TV

Doctor Who's Terrance Dicks: 1935 – 2019


I met Terrance Dicks in Hamilton Library when I was eight. I was holding a copy of The Auton Invasion that I’d bought in a shop in Hereford and could not get the price sticker off. He said it was an early pressing of the first book he’d written for the Target Novelisation range, then launched into an anecdote about it. It may not have been this story’s first outing but damn it I was paying attention.

I mean, sure, he wrote Warmonger, but can any of us say they haven’t on some level “written Warmonger“?

Certainly none of us can say we introduced thousands of children to literature, and not the “Ian McEwan pretends Science Fiction doesn’t exist” sort of literature, but the kind that fires up the imagination and makes people realise there are bigger worlds to pursue, to dip into, to find refuge in.

There was a spinner full of Hardy Boys books and Target Novelisations (capital N) in my local library when I was growing up, and a few Terrance Dicks dotted about my primary school too. Growing up with the show off-air, without access to UK Gold, I too got to dabble in the Fan Experience of “The Version I Imagined Reading the Book Is Different to What the BBC Could Afford in 1979” via The Armageddon Factor. I too got to read about “That mysterious traveller in time and space known only as the Doctor”, and the TARDIS’ “wheezing, groaning sound”.

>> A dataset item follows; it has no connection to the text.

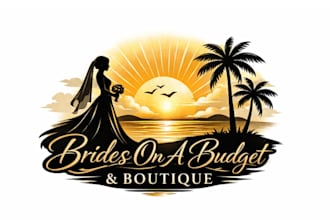 design an elegant bridal store wedding logo for you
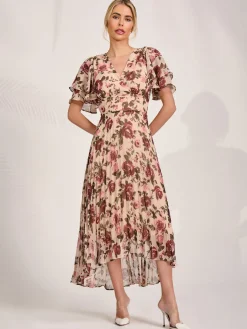Angel Sleeve Pleated Chiffon Midaxi Dress, Cream Floral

Dicks’ contribution to reading and writing in Britain is incalculable but certainly significant. His prose style was such that even his lesser efforts were immensely readable (as has been noted, his description of the Fifth Doctor as having a “pleasant open face” is both a nostalgia rush and a horrific mental image). It’s not without reason that every iteration of Doctor Who in print, be it Virgin or BBC Books, or the post-2005 series’ regular novels, features Uncle Terrance. He contributed 13 original books and 65 adaptations of Doctor Who stories for the Target range. With Malcolm Hulke he wrote The Making Of Doctor Who, the second edition of which contains the lines “never cruel or cowardly” and “he never gives in, and he never gives up.”

This is before we even get onto what he achieved for the television series.

When asked about his plans for script editing Doctor Who, Terrance Dicks replied ‘to get the bloody show out on the air’. Considering his experience on the show in the late Sixties, this was genuinely optimistic. For its first six years Doctor Who‘s production was turbulent behind the scenes with producers and script editors usually lasting around a series before moving on. While Dicks did try to move on from Doctor Who, he ultimately stuck around as Script Editor in tandem with Producer Barry Letts.

This resulted in Doctor Who having stability for arguably the very first time, once Dicks and Letts’ efforts had kept it on the air. Both stayed on for five years, changing the way the show was made and – amongst other things – creating the Master, naming Gallifrey, and casting Tom Baker.

Using contacts from his previous writing gigs, Dicks ensured a baseline of competence that prevented the behind-the-scenes turmoil he’d experienced when he joined. He gave Robert Holmes another chance and kept Malcolm Hulke involved, and through rewrites kept the more ambitious scripts going. He also planned series to accommodate lower budgeted-stories to avoid no-money panic jobs.

Besides the nuts and bolts work, Dicks built and sustained audiences, bringing in big events and longer storylines which paid off. A lot of what made the Russell T. Davies’ era popular can be found in Dicks’ and Letts’ work, an era where any troubles rarely came to the fore because fundamentally the show worked for its audience. This competence isn’t thrilling to hear of but is hard to achieve.

What’s clear from production stories is that Letts and Dicks were a savvy populist combo, both trusting the other and collaborating well. Any mishaps along the way are usually solved by one or the other or both just … solving it. For Inferno Dicks suggested the parallel universe plot. For The Three Doctors he rewrote the script of Part Four to minimise William Hartnell’s involvement. It’s what he did, and it gave Doctor Who a constancy it hadn’t had before, a longevity that was crucial in its becoming a British Institution. Without Dicks and Lett we might be talking about Doctor Who in the same way we talk about The Avengers or The Prisoner: much loved pop culture artefacts but also relics of the past.

Dicks cultivated an air of pragmatism which underplayed his influence on the show, saying for a good Doctor Who “you needed a good, original story, but it doesn’t have to be your good, original story.”

Doctor Who isn’t technically Terrance Dicks’ story, in that he didn’t create it, but on the other hand he shaped so very much of it, and it absolutely is.